I'm running Flink 1.11 as EMR 6.1 as a Yarn application. I'm trying to use STOP command to capture savepoint and restart job from the same savepoint during redeployment.

flink stop -p $JOB_RUNNING -yid $YARN_APP_ID

Problem :
job completes savepoint on Flink UI but it throw the following error on CLI. because of which i'm not able to capture savepoint and redeploy the application.

SLF4J: Actual binding is of type [org.apache.logging.slf4j.Log4jLoggerFactory]
Suspending job "72a4746f2b6f1d58e4c61c1e9214a7e3" with a savepoint.
2022-03-24 21<tel:2022032421>:30:10,850 INFO org.apache.hadoop.yarn.client.RMProxy [] - Connecting to ResourceManager at ip-10-0-36-99.ec2.internal/10.0.36.99:8032<http://10.0.36.99:8032>
2022-03-24 21<tel:2022032421>:30:11,032 INFO org.apache.hadoop.yarn.client.AHSProxy [] - Connecting to Application History server at ip-10-0-36-99.ec2.internal/10.0.36.99:10200<http://10.0.36.99:10200>
2022-03-24 21<tel:2022032421>:30:11,044 INFO org.apache.flink.yarn.YarnClusterDescriptor [] - No path for the flink jar passed.
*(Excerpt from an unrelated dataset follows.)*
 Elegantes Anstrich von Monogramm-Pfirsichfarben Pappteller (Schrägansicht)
Using the location of class org.apache.flink.yarn.YarnClusterDescriptor to locate the jar
2022-03-24 21<tel:2022032421>:30:11,142 INFO org.apache.flink.yarn.YarnClusterDescriptor [] - Found Web Interface ip-10-0-32-110.ec2.internal:46821 of application 'application_1647995456636_0001'.
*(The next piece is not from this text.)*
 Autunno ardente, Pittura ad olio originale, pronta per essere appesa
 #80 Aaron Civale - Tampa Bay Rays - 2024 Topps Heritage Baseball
The program finished with the following exception:

org.apache.flink.util.FlinkException: Could not stop with a savepoint job "72a4746f2b6f1d58e4c61c1e9214a7e3".
at org.apache.flink.client.cli.CliFrontend.lambda$stop$5(CliFrontend.java:495)
at org.apache.flink.client.cli.CliFrontend.runClusterAction(CliFrontend.java:864)
at org.apache.flink.client.cli.CliFrontend.stop(CliFrontend.java:487)
at org.apache.flink.client.cli.CliFrontend.parseParameters(CliFrontend.java:931)
at org.apache.flink.client.cli.CliFrontend.lambda$main$10(CliFrontend.java:992)
at java.security.AccessController.doPrivileged(Native Method)
at javax.security.auth.Subject.doAs(Subject.java:422)
at org.apache.hadoop.security.UserGroupInformation.doAs(UserGroupInformation.java:1730)
at org.apache.flink.runtime.security.contexts.HadoopSecurityContext.runSecured(HadoopSecurityContext.java:41)
at org.apache.flink.client.cli.CliFrontend.main(CliFrontend.java:992)
Caused by: java.util.concurrent.TimeoutException
at java.util.concurrent.CompletableFuture.timedGet(CompletableFuture.java:1784)
at java.util.concurrent.CompletableFuture.get(CompletableFuture.java:1928)
at org.apache.flink.client.cli.CliFrontend.lambda$stop$5(CliFrontend.java:493)
... 9 more

If i use CANCEL instead of STOP then it always works but since CANCEL doesn't give graceful shutdown hence i'm trying to use STOP.

Could someone please suggest how to fix this error?